The Anti-Injunction Act forbids lawsuits that have “the purpose of restraining the assessment or collection of any tax.” As we argue in a paper forthcoming in the Yale Law Journal Online, when the government’s authority to assess or collect a tax does not yet exist, a lawsuit challenging the tax does not have “the purpose” of restraining tax assessment or collection. Because the “penalty” for going without health insurance cannot lawfully be assessed or collected until 2014, challenges to the minimum coverage provision fall outside the prohibition of the Anti-Injunction Act. In this sense, there is indeed an “early-bird special” exception to the law.
More specifically, we argue that to avoid absurdity, one must read the Anti-Injunction Act as if it barred suits having “the immediate purpose of restraining the assessment or collection of any tax.” One must read the statute this way because otherwise it would bar even post-enforcement constitutional challenges. Such challenges may have the primary purpose of preventing future assessments or collections, in addition to the immediate purpose of avoiding payment of past assessments or collections; yet they have long been treated as clearly permissible notwithstanding the literal language of the Anti-Injunction Act.
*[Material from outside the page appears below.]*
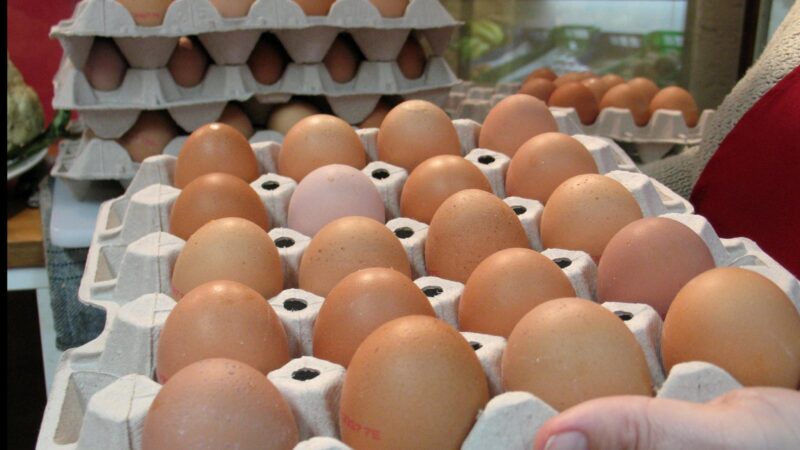 Gestiegene Lebensmittelpreise: Aus diesem Grund werden Eier auf Mallorca immer teurer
Even assuming for the sake of argument that the ACA exaction for going without insurance qualifies as a “tax” for purposes of the Anti-Injunction Act, the present pre-enforcement challenges do not have “the [immediate] purpose of restraining the assessment or collection” of this tax because, to reiterate, the legal authority to assess and collect it will not exist until 2015.
In other words, the most sensible reading of the Anti-Injunction Act’s text and purpose is that it does not apply until the authority to assess and collect taxes has come into being, just as it does not apply after that authority has been exercised. Rather than having the immediate purpose of restraining the assessment or collection of taxes, the present challenges to the minimum coverage provision have the immediate purpose of preventing the assessment and collection authority of the federal government from going into effect, or of seeking clarification from the courts about the present and future legal obligations of the many individuals and entities subject to the ACA.
As a Hedge Against a Supreme Court Dismissal, Congress Should Pass a Law Limiting the Anti-Injunction Act’s Reach
Will the Supreme Court embrace our proposed reading of the statute and prevent the substantial problems that continued uncertainty would generate? We hope so, but prudence suggests that an alternative approach should also be tried: Congress should enact a special-purpose statute stating that the Anti-Injunction Act does not bar pre-enforcement challenges to the minimum coverage provision until that provision actually goes into effect.
Everyone agrees that Congress has the authority to do this. Indeed, it has taken similar action before. Moreover, if the political branches were to turn their attention to the matter, there would be good reason to expect that the bill would pass both chambers and be signed into law by the President.
The substance of the health care law was, and remains, politically divisive. The timing of litigation over its constitutionality should not be. The time for Congress and the Obama Administration to act is now.